• _INFORMATION SUPPLIED_
================================

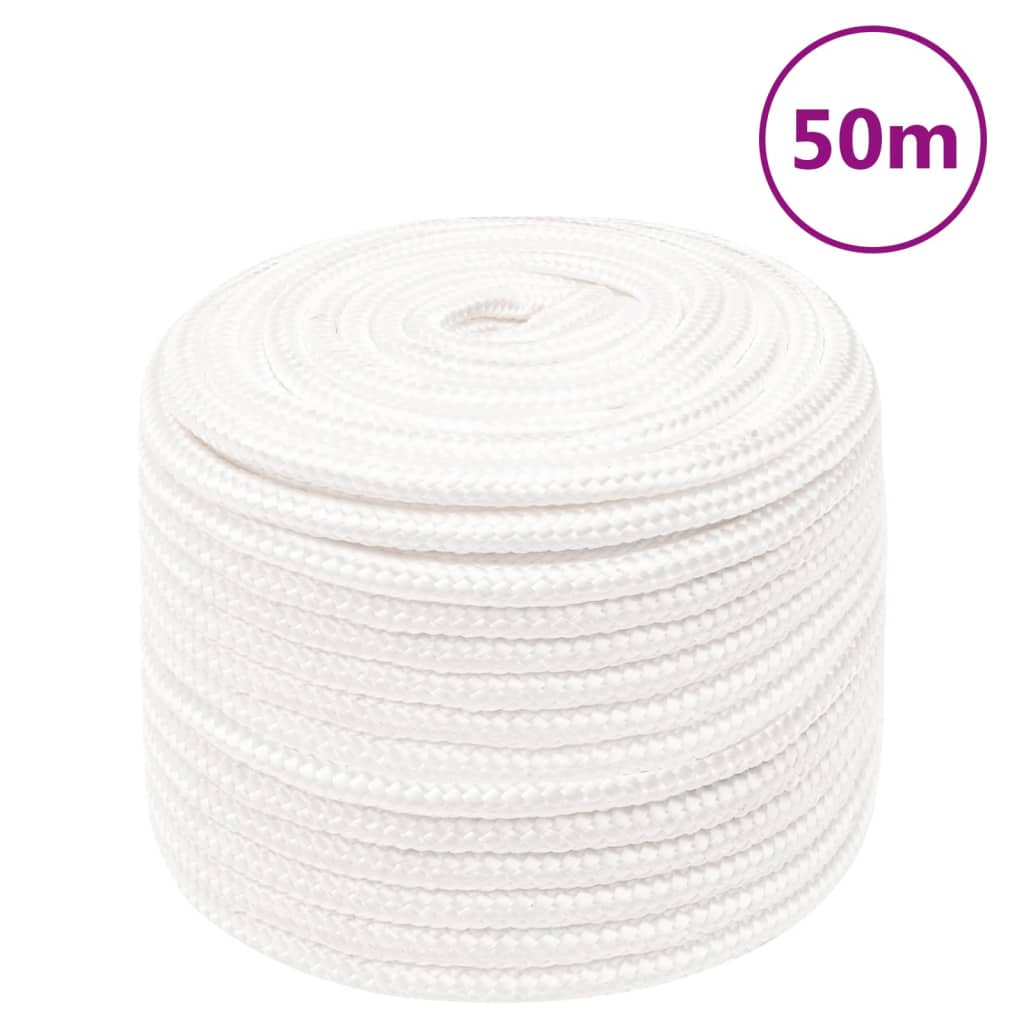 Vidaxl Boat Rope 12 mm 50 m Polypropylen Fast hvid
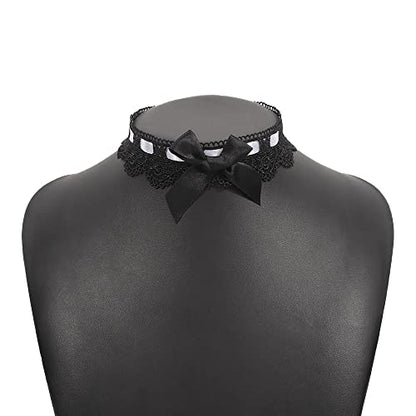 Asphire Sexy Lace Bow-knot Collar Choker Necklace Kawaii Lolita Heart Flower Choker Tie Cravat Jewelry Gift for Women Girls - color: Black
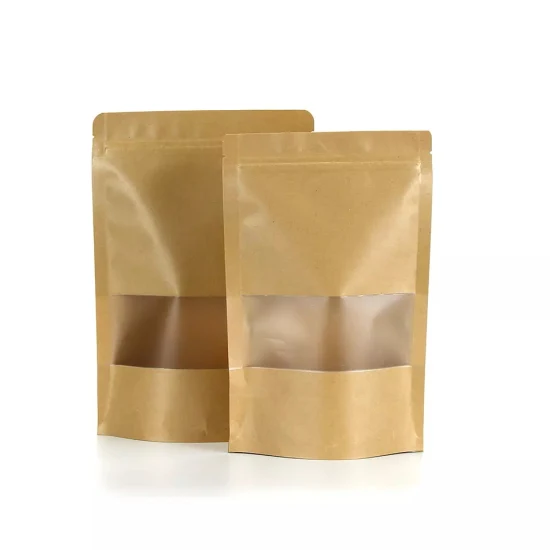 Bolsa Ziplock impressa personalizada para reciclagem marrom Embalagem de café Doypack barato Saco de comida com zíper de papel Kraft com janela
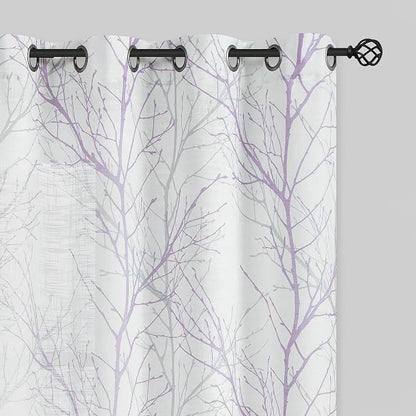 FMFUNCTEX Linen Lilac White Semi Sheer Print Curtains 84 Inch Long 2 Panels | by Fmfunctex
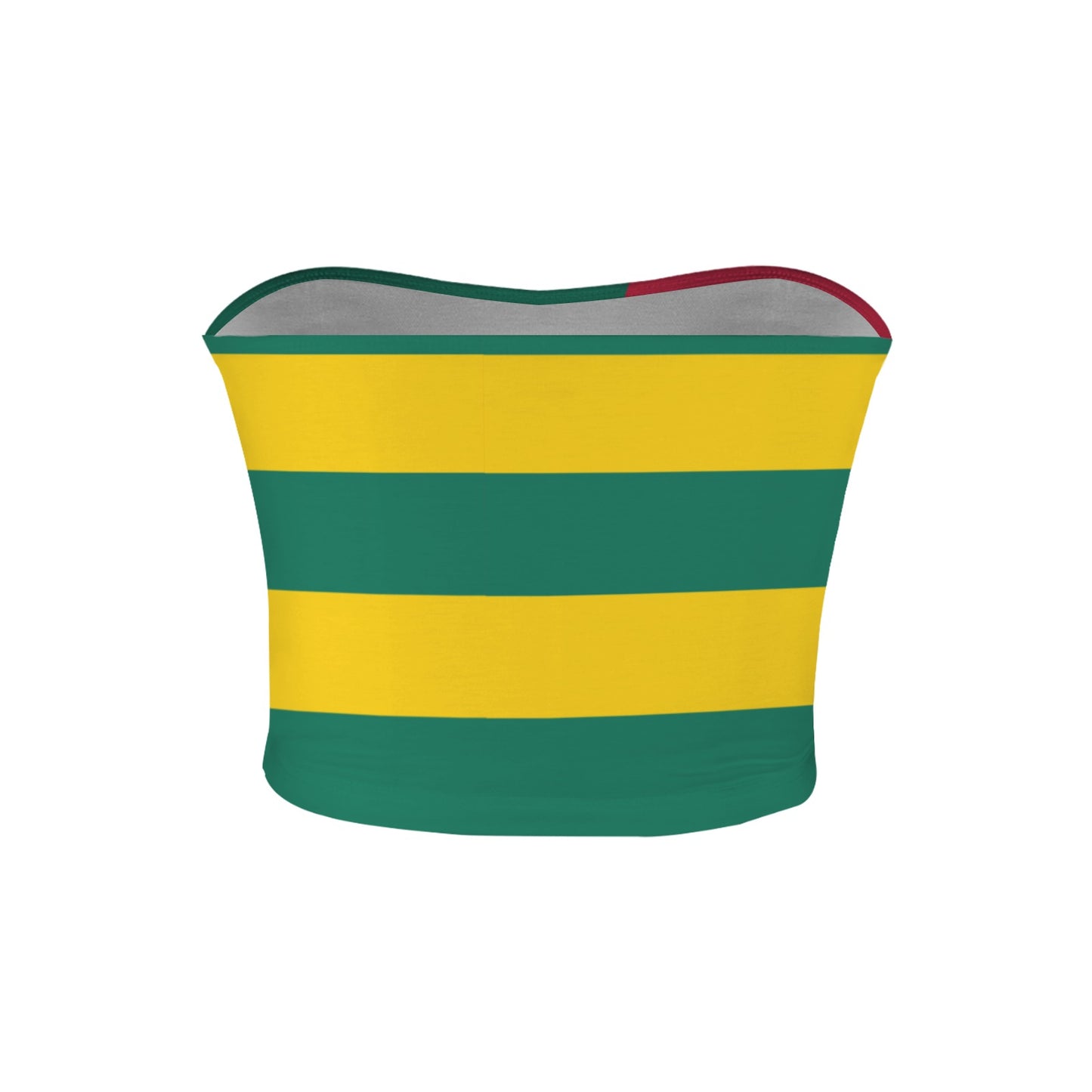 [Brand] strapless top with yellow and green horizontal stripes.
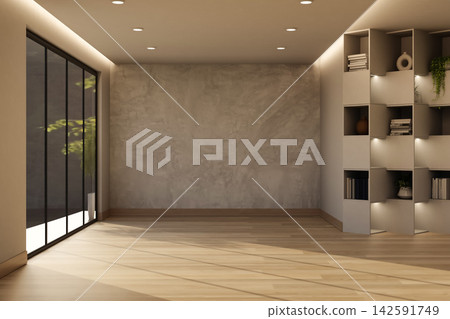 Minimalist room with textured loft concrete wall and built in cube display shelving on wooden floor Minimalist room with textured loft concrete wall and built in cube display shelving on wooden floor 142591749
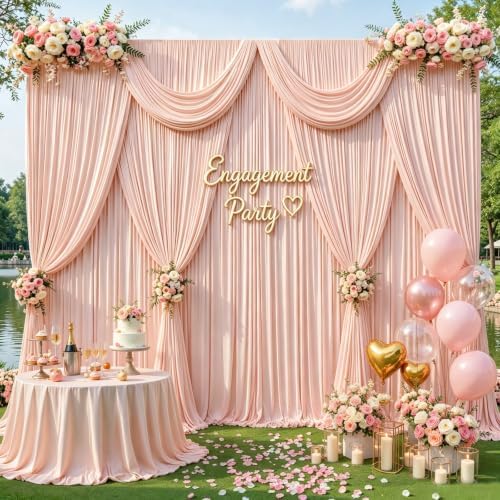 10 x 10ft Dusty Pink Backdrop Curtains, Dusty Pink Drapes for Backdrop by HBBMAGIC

================================

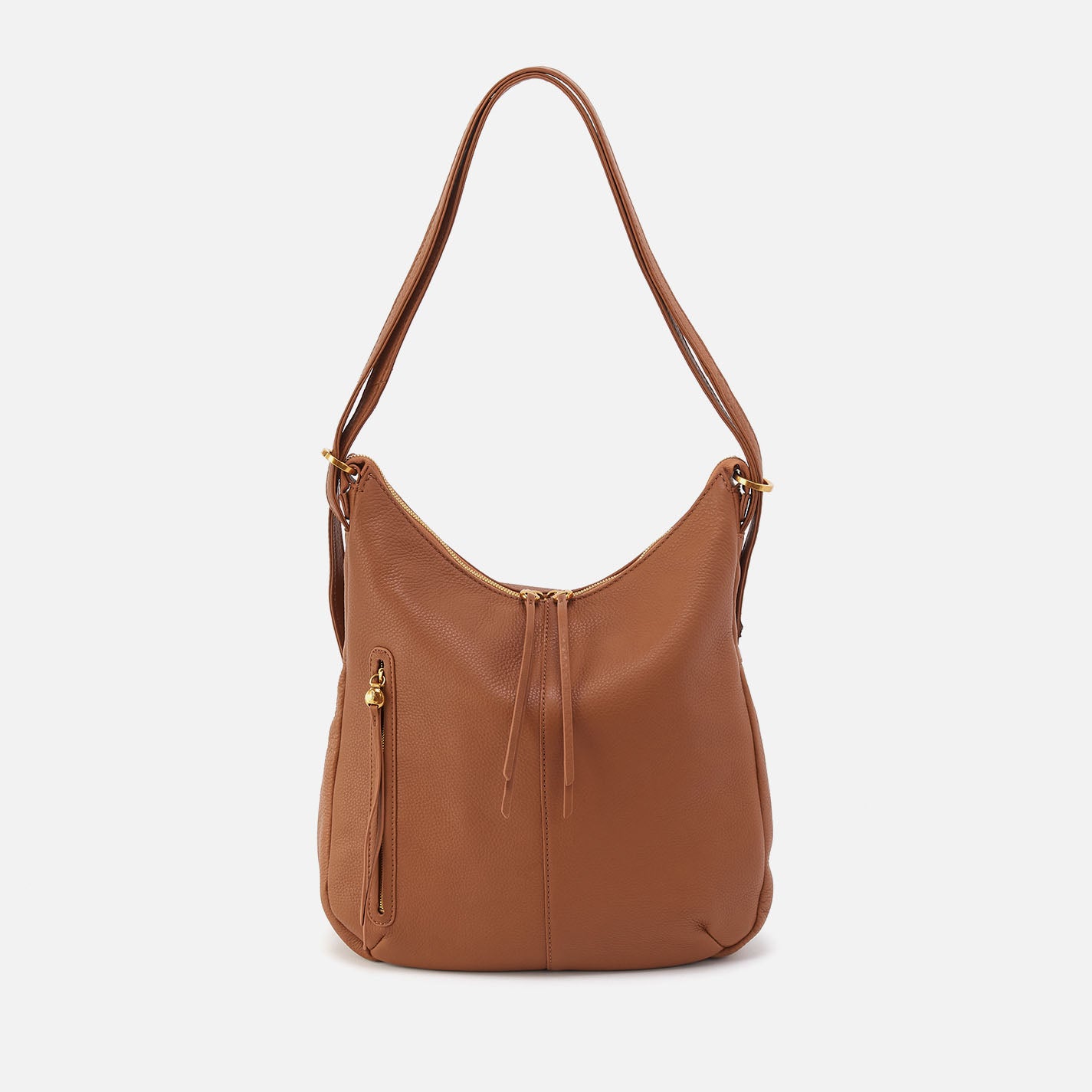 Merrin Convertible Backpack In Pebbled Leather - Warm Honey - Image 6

================================

• _WORK INSTRUCTIONS_
Find the line with "wooden floor 142591749" and the line with "10 x 10ft Dusty" in the records above. Copy both and all lines between them exactly, without pictures.

• _RESPONSE TO THE EXERCISE_
 Minimalist room with textured loft concrete wall and built in cube display shelving on wooden floor Minimalist room with textured loft concrete wall and built in cube display shelving on wooden floor 142591749
 10 x 10ft Dusty Pink Backdrop Curtains, Dusty Pink Drapes for Backdrop by HBBMAGIC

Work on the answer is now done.